Sunday 28 June 2015

A Long Awaited Homecoming

My older cousin is coming home tomorrow and before I was super excited, but now I'm terrified.

I'm really close with my older cousin despite the fact that I don't see her very often. Before, she lived on the other side of the country from me, but we still got to see each other every summer or so.

The last time I saw her was right before her big move to the United States to be with her boyfriend, now husband. Last time I saw her was in April 2014.

I can't say that I completely hate distance because in reality, I have a love/hate relationship. I hate the fact that it's separating me from someone I love, but I do love it because it's the biggest reminder to spend time with someone that I love and don't see often and to cherish the time spent together.

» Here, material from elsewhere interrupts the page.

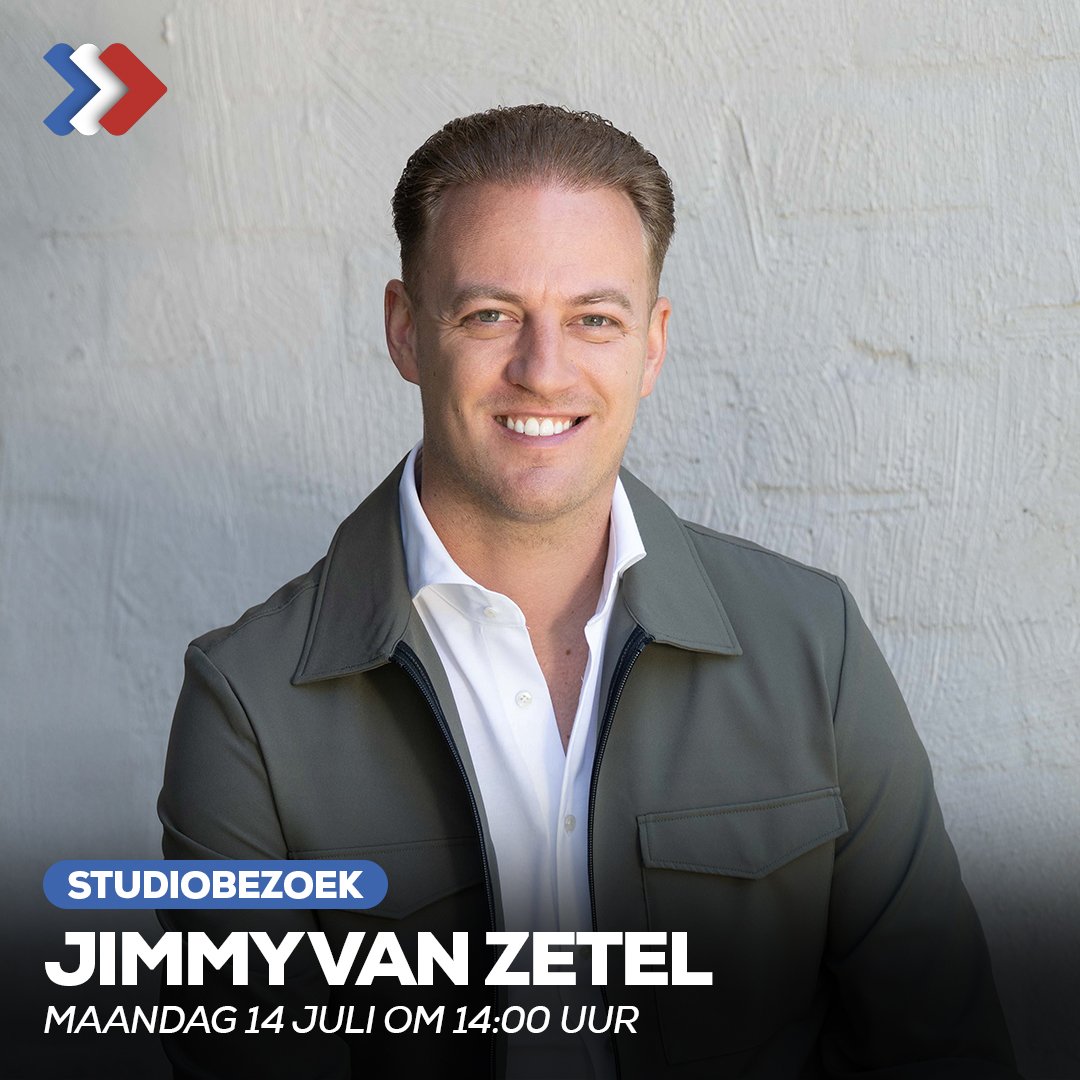Jimmy van Zetel bezoekt RADIONL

However, the last time I saw her was a little more than a year ago. Is that possibly too long?

Within the past year, I've changed a lot.

I started this blog which I haven't really told anyone in real life about, I got a job, I've started to have random anxiety attacks which can largely vary, I got a bad concussion, I've grown up more not just physically but also mentally, I've lost a family member, I met new people, I gained new friends and so much more.

It struck me this afternoon that I'll be seeing my very loved cousin tomorrow night and meeting her husband for the very first time and that's when my brain went into overdrive.

I started to think these ridiculous thoughts such as "What if I've changed so much that she doesn't like me anymore?" "What if she doesn't want to spend time with me when she's here?" "There's not all that much that I can do that the rest of the family can't, is there?" "I'm not worth her time, am I?" "What if her husband convinces her that I'm awful?" "What if he laughs at me for something that I have no control over and she joins in, and then the rest of the family?"

I almost reduced myself to tears this afternoon in fear that my thoughts could be true. 

I didn't know what to do, so I pushed those thoughts to the side for awhile. It didn't work forever though, because later on they came creeping back up into my mind.

I still didn't know what to do, so I tried to take a logical approach to it.

If I've changed to the point of her not liking me anymore, then that's that. I know that I've changed. Is it for better or for worse? I couldn't tell you, but I can say that I am who I am today. Experiences of the past year have shaped me into who I am today and if my cousin doesn't appreciate that at first, she'll probably get used to it.

I can't be the only one who's changed.

The matter with her husband though, I wasn't too sure what to think at the beginning, but then I realized that he honestly has it worse.

I'm only meeting one person while he's meeting her whole family on a Canada Day barbecue. (Seeing a Canada is Wednesday and I try to post every Sunday and Wednesday, I'll probably have a post explaining how that all went for you guys.)

I'm going to make sure to keep an open mind. Although I'm nervous about the whole situation, he's probably thinking the same thing.

If people can't accept the fact that you've changed, that's not your fault. You are who you are, life experiences have gotten you to where you are today, if you think that you've changed for the better, then good. 

The only person who's able to say that they're shocked with who you are today is you. Even then, that's not necessarily a bad thing.